Ark. Code Ann. § 16-7-206.

RBC asserts that the circuit court properly followed subsection (c) by reviewing the document in camera and ordering disclosure.

We disagree with RBC's position. The issues of whether the parties are joint tortfeasors and, if so, at what point during litigation should disclosure be ordered are integral to deciding whether the confidential agreement may be disclosed; however, the circuit court declined to rule on the issue of contribution when it compelled discovery of the confidential settlement agreement arising out of the mediation, and disclosure of the document is in error without first determining when disclosure would be appropriate, if ever.

Joint tortfeasors are two or more parties who may have joint liability or several liability in tort for the same injury to a person or property, whether or not judgment has been recovered against all or some of them. Ark. Code Ann. § 16-61-201(c).

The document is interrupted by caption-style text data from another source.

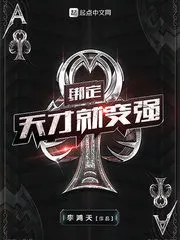 Binding to Geniuses To Become Stronger Cover Image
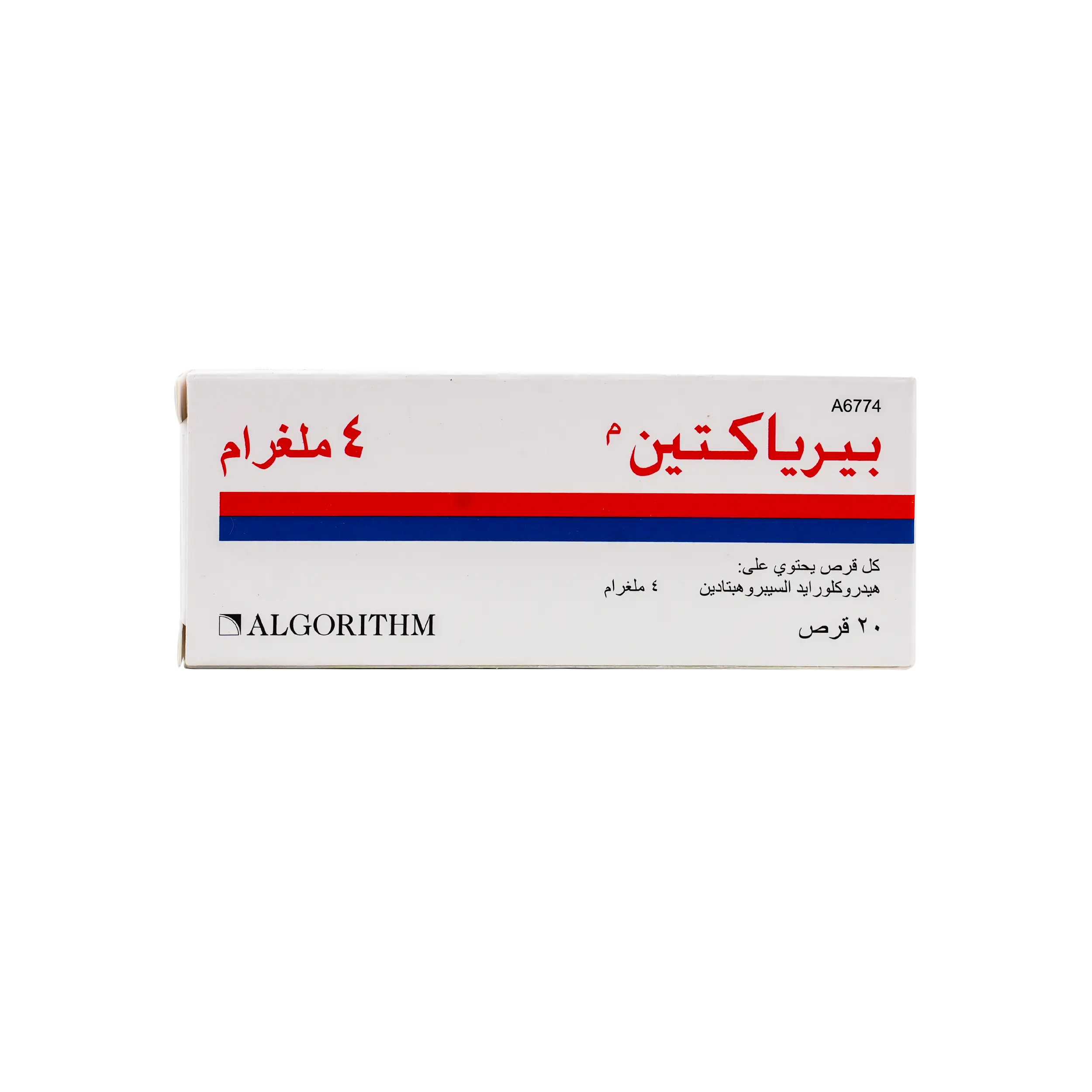 Periactin Tablets 4Mg 20 Tab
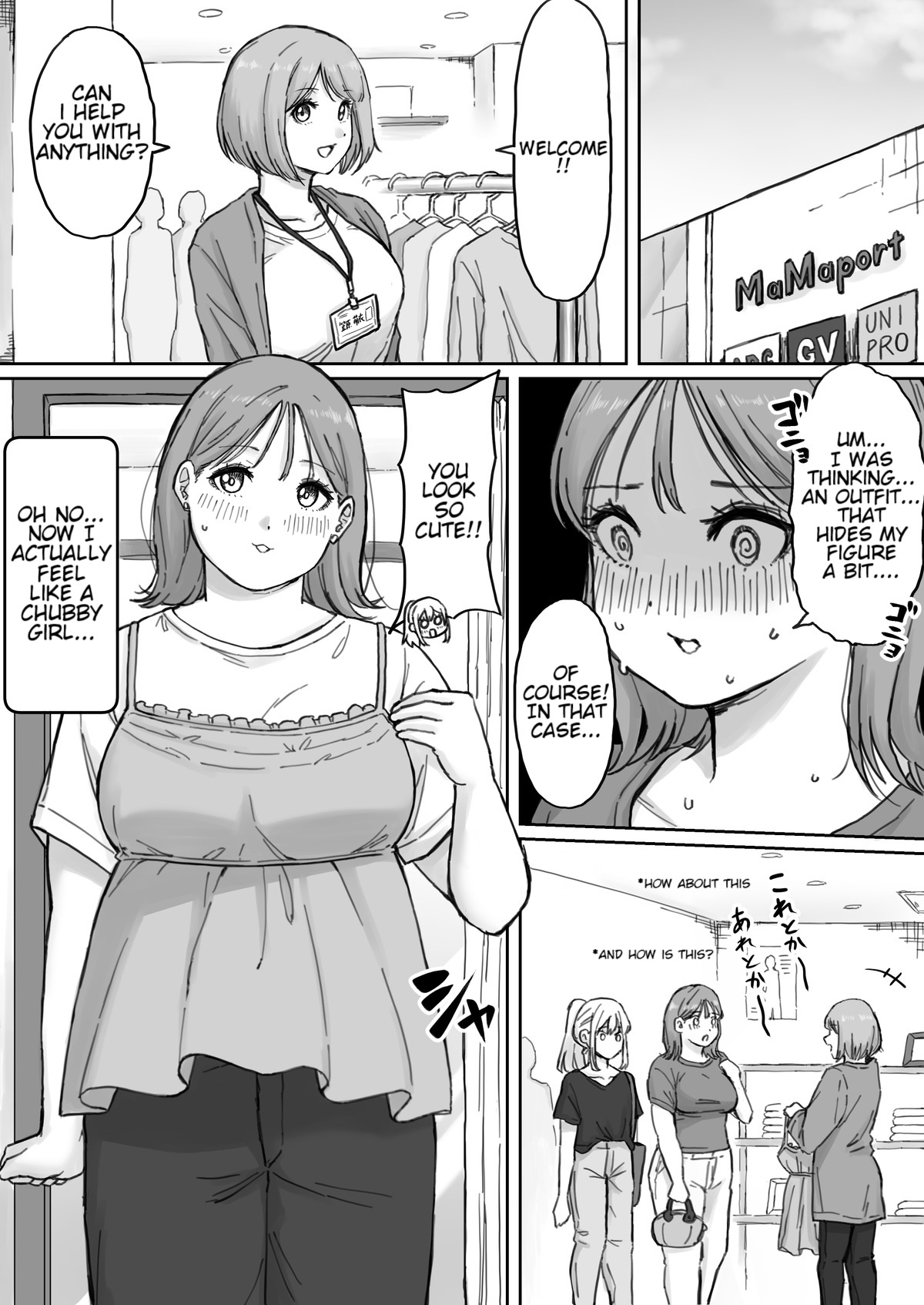 My Boyfriend Had A Fetish For Excess Fat page 8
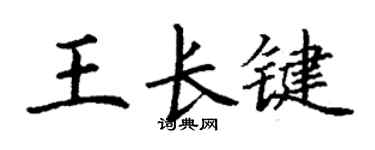 丁謙王長鍵楷書個性簽名怎么寫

The right of contribution arises from a joint-liability situation as is explained in Ark. Code Ann. § 16-61-202, which sets forth the following:

(a) The right of contribution exists among joint tortfeasors.
(b) A joint tortfeasor is not entitled to a money judgment for contribution until he or she has by payment discharged the common liability or has paid more than his or her pro rata share of the common liability.
(c) The right of contribution is not limited to money damages but also includes the right to an allocation of fault as among all joint tortfeasors and the rights provided for in § 16-61-204.
(d) A joint tortfeasor who enters into a settlement with the injured person is not entitled to recover contribution from another joint tortfeasor whose liability to the injured person is not extinguished by the settlement.

Clearly, whether the document in question is relevant to RBC's defense must be based on the determination of whether the parties are joint tortfeasors, whether the right of contribution exists in this case and, if so, at what point in the trial the right of contribution attaches. We hold that the circuit court applied its discretion without due consideration by ordering disclosure of the document without first deciding the preliminary issues relating to contribution.

*776Because the circuit court did not rule on the issues of contribution, credit, and allocation of fault, we are barred from discussing Kelley's second point on appeal regarding those issues and its alternative argument that RBC must show heightened relevancy of the document and that the court should impose limitations on the scope of discovery. See Ark. Lottery Comm'n v. Alpha Mktg. , 2012 Ark. 23, at 7, 386 S.W.3d 400, 404 (An appellate court may not review a matter on which the circuit court has not ruled.). Furthermore, it is well settled that we will not issue an advisory opinion. Nelson v. Ark. Rural Med. Practice Loan & Scholarship Bd. , 2011 Ark. 491, at 12, 385 S.W.3d 762, 770.

Reversed and remanded.

Gruber, C.J., and Harrison, J., agree.